One might think that I’m thrilled with this ruling, given that fact that I have written previously about reducing all of the sugary drinks that we consume these days, but I really have mixed feelings about this. Do I love the thought that the largest sugary drink you can now order at a coffee shop or restaurant in New York City is 16 ounces? Yes! Do I love how we got to that place? Not so much.
Why is it so difficult for us as a society to take personal responsibility for our choices? We have been aware for quite a long time now that we are consuming too much sugar and that our rates of overweight and obesity in the U.S. are skyrocketing, and yet we can’t seem to get it together. Is increased government regulation really the answer? Will this new law be the start of what turns that around?

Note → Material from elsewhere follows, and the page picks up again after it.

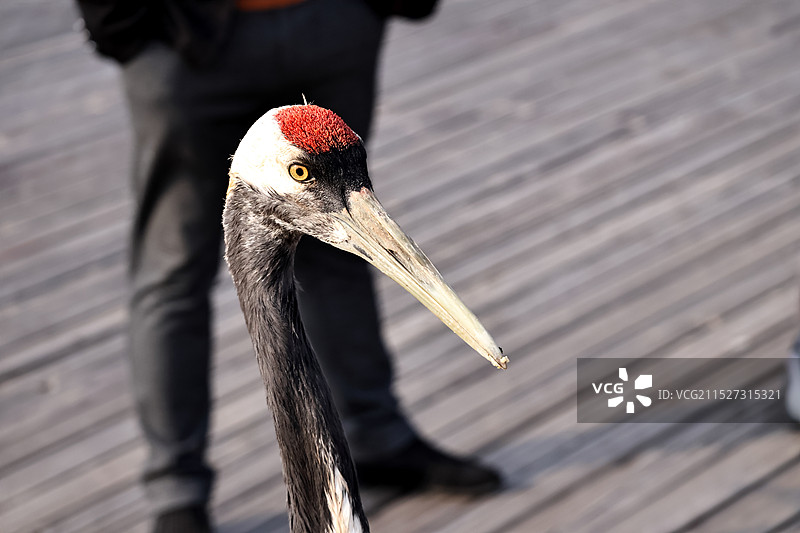 扎龙图集：陆地图片素材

Additionally, in this morning’s paper, there was an article about how drinking sugary beverages actually impacts the genes that affect our weight, and the word “proof’ was used. The article discussed three separate studies that all came to the same conclusions – sugary drinks are tied to increased risks of overweight and obesity, independent of other unhealthy factors such as too little exercise or overeating. Finally! This notion has been tossed around for years now, but without strong studies to point to, it has been a tough sell.
Does this latest information increase the need for laws similar to what the city of New York enacted or will it spur us into making better choices on our own? Granted, lately we don’t have a very good record on that front, as it seems like everyone has a reason for their lack of self-monitoring or parental responsibility and is very willing to point the blame finger at someone else. And let’s not forget that sweetened beverages over 16 ounces can still be purchased at the local corner market or grocery store, where young, uninformed and unmonitored children can use their lunch money to buy that 32-ounce drink after school, or (gasp!) before school. Not sure how that gaping hole occurred, but there it is.
Maybe if we get educated and take a minute to understand the ramifications of continuing to make these poor choices, maybe we can turn it around without having to create more legislation. Maybe.
Did the Mayor of New York City start something that other major cities across the country will follow? Will it make a difference in our health? I guess we’ll just have to wait and see.